▸ ACTIVITY:
Only the lines below from the one that contains "巅峰期的科比究竟能不能摸到N" through the one that contains "أثناء رئاسته لاجتماع" should appear in your answer, exact and without pictures.

▸ DATASET ENTRIES:
....................

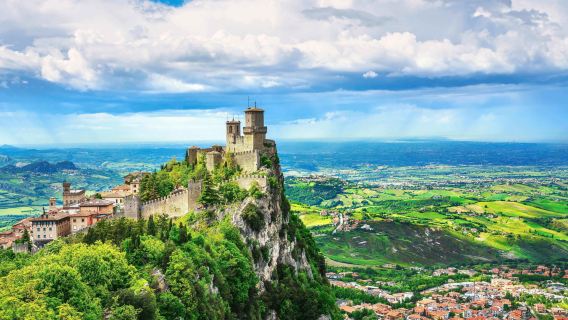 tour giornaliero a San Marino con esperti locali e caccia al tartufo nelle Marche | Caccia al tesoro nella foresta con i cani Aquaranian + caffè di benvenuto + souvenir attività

....................

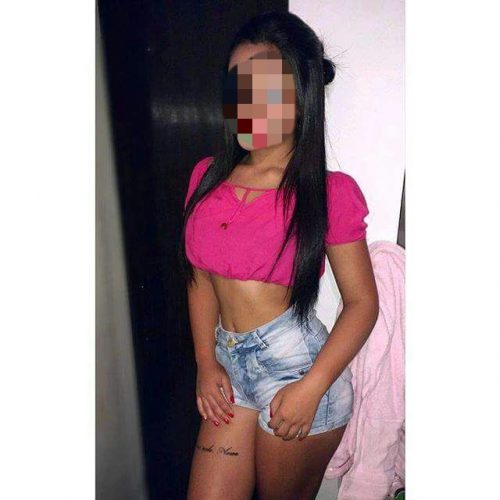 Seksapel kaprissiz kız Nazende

....................

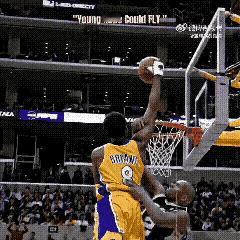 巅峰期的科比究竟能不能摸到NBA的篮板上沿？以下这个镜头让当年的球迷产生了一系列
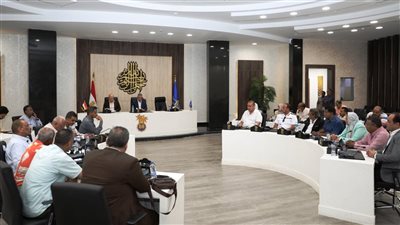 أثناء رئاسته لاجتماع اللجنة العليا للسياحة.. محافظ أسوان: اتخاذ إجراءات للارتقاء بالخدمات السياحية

....................

▸ RESULT OF THE EXERCISE:
 巅峰期的科比究竟能不能摸到NBA的篮板上沿？以下这个镜头让当年的球迷产生了一系列
 أثناء رئاسته لاجتماع اللجنة العليا للسياحة.. محافظ أسوان: اتخاذ إجراءات للارتقاء بالخدمات السياحية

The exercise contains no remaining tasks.